__Information given__
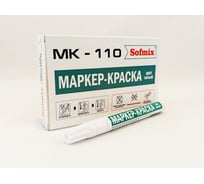 Маркер-краска SOFMIX МК-110, белый МК-110-1 26868518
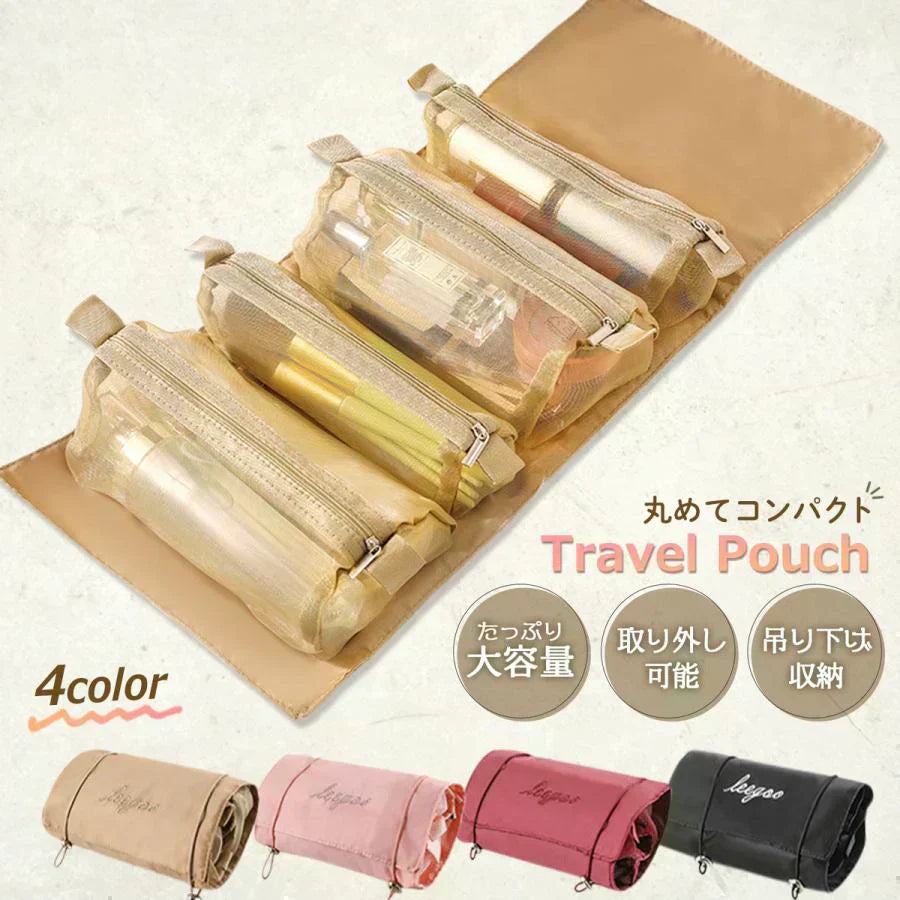 【ブラウン】トラベルポーチ コスメ メイク 旅行 ポーチ 化粧 吊り下げ グッズ おしゃれ 大容量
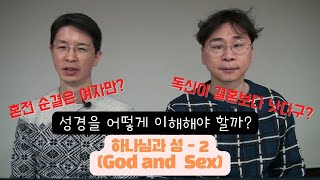 [신탐(신학탐구)] 하나님과 성 (God and Sex) 2장. 성경에서 여성의 지위 1. 여성의 값, 혼전순결, 과부, 독신, . . .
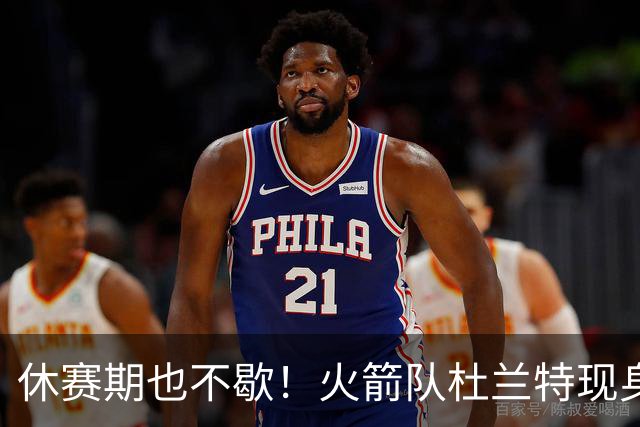 休赛期也不歇！火箭队杜兰特现身训练场，与班凯罗合练！再打2年没问题
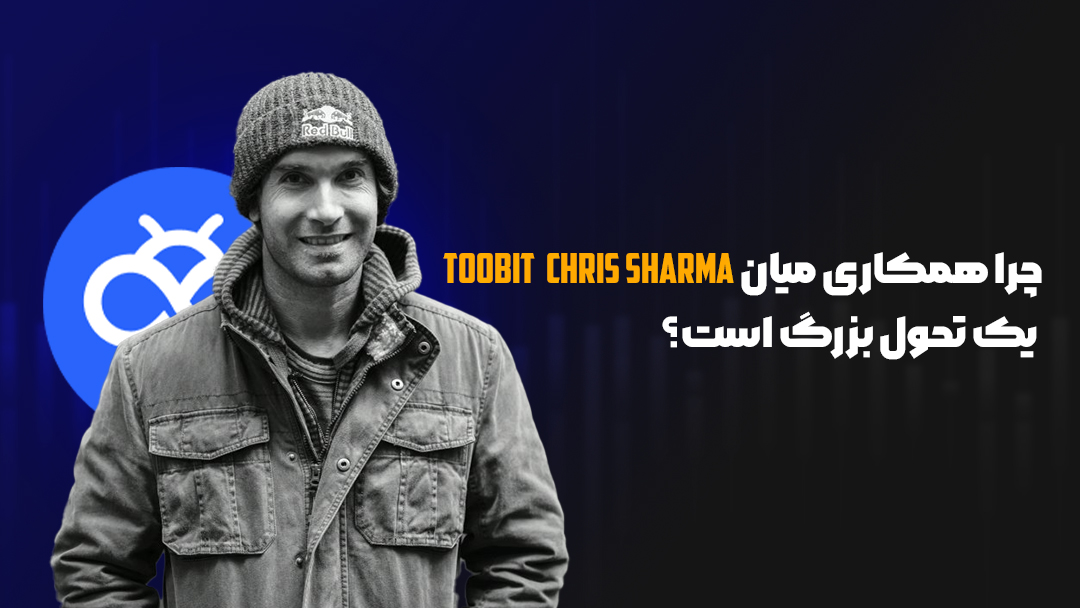 همکاری Toobit و Chris Sharma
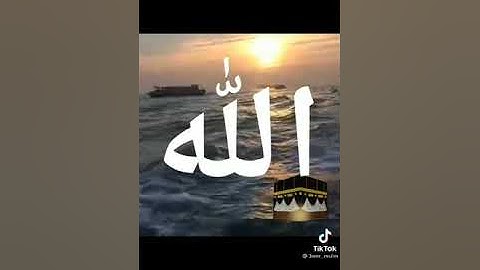 (المال والبنون زينه الحياة الدنيا) بصوت القارئ احمد العجمي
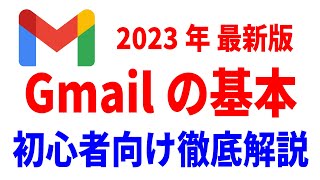 【初心者向け】Gmailの使い方・入門講座！Android・iPhone徹底解説！ [upl. by Ardnod]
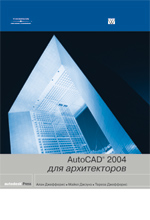  AutoCAD 2004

__Task directions__
Transcribe each line above verbatim, with the pictures left out.

__The completed task__
 Маркер-краска SOFMIX МК-110, белый МК-110-1 26868518
 【ブラウン】トラベルポーチ コスメ メイク 旅行 ポーチ 化粧 吊り下げ グッズ おしゃれ 大容量
 [신탐(신학탐구)] 하나님과 성 (God and Sex) 2장. 성경에서 여성의 지위 1. 여성의 값, 혼전순결, 과부, 독신, . . .
 休赛期也不歇！火箭队杜兰特现身训练场，与班凯罗合练！再打2年没问题
 همکاری Toobit و Chris Sharma
 (المال والبنون زينه الحياة الدنيا) بصوت القارئ احمد العجمي
 【初心者向け】Gmailの使い方・入門講座！Android・iPhone徹底解説！ [upl. by Ardnod]
  AutoCAD 2004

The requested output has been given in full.